Twelve of the fifteen young people interviewed considered it important to know whether content had been created by a person or by AI. Even so, they didn’t all advocate a general disclaimer for every text or image.


Here too, context proved decisive. Many participants considered transparency important for realistic AI-generated images, factual information or sensitive subjects. They saw less need for a prominent AI label on a simple advertising text or newsletter, particularly when AI had only been used as a supporting tool.

The fine line between use and overuse

The respondents reacted most negatively when AI was conspicuous, careless or constantly present.


Excessive use was associated with laziness, cost-cutting and a lack of effort. That is an important reputational risk.

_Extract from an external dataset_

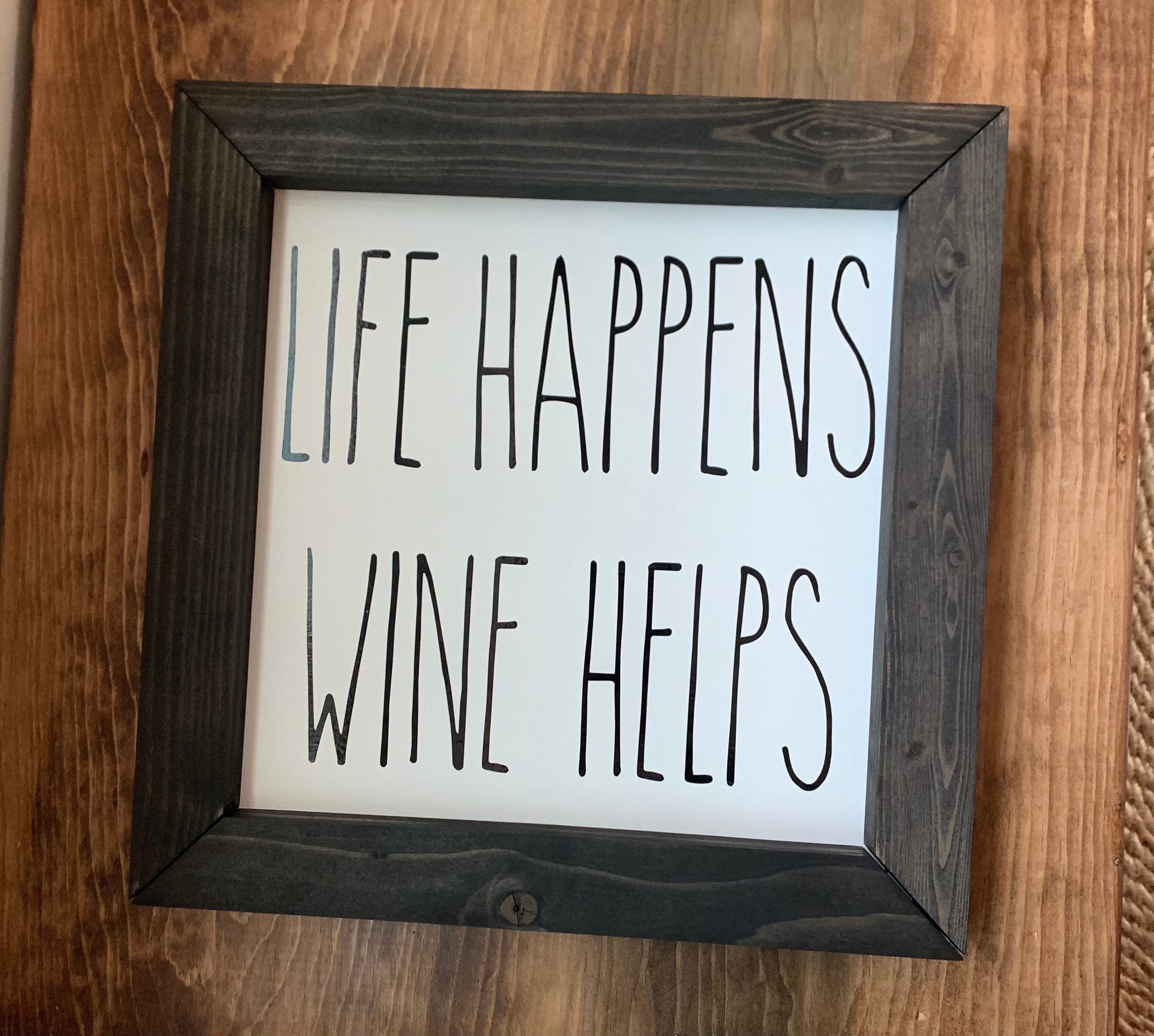 Life Happens Wine Helps Wood Sign - Etsy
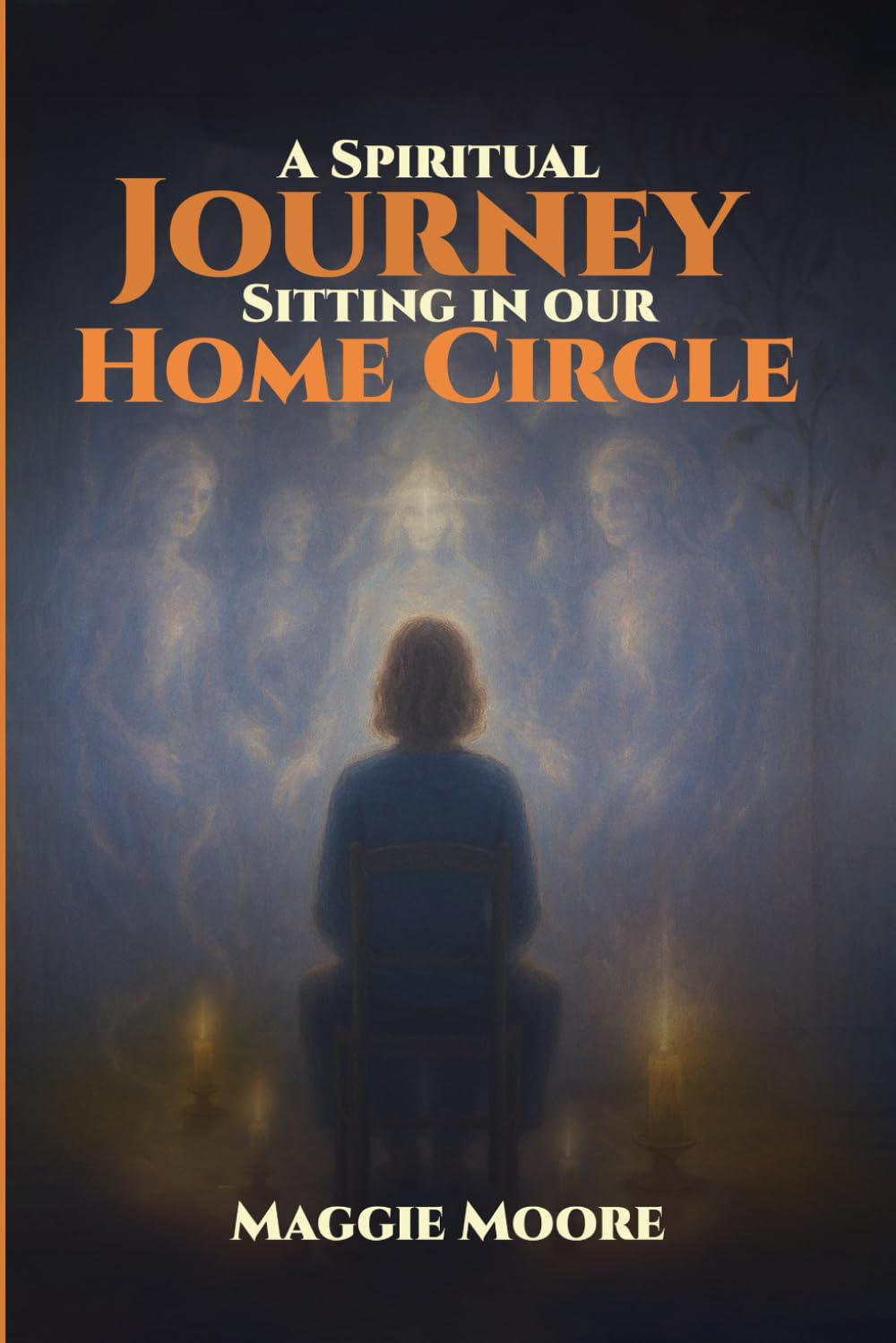 A Spiritual Journey Sitting In Our Home Circle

Your target audience may feel that you are asking for their attention while investing as little as possible in the communication yourself.

A single AI-assisted text is unlikely to make or break a brand. A continuous stream of generic blogs, unnatural images and predictable social media posts may do so.

Moreover, quality isn’t assessed solely on a publication-by-publication basis. People recognise patterns. When every text follows the same structure and every image has the same polished appearance, an artificial brand world emerges in which nothing feels real anymore.

Expectations vary by platform

The respondents did not set the bar equally high everywhere. On TikTok and Instagram, there was more room for experimentation, entertainment and striking AI effects. On a company website, they expected greater professionalism, reliability and oversight.


As a result, the same content may feel creative on one channel and damage your credibility on another.

That doesn’t mean anything goes on social media. Misleading images or artificial people can prompt resistance there too. It does mean that the purpose and environment of the channel help determine what young people consider acceptable.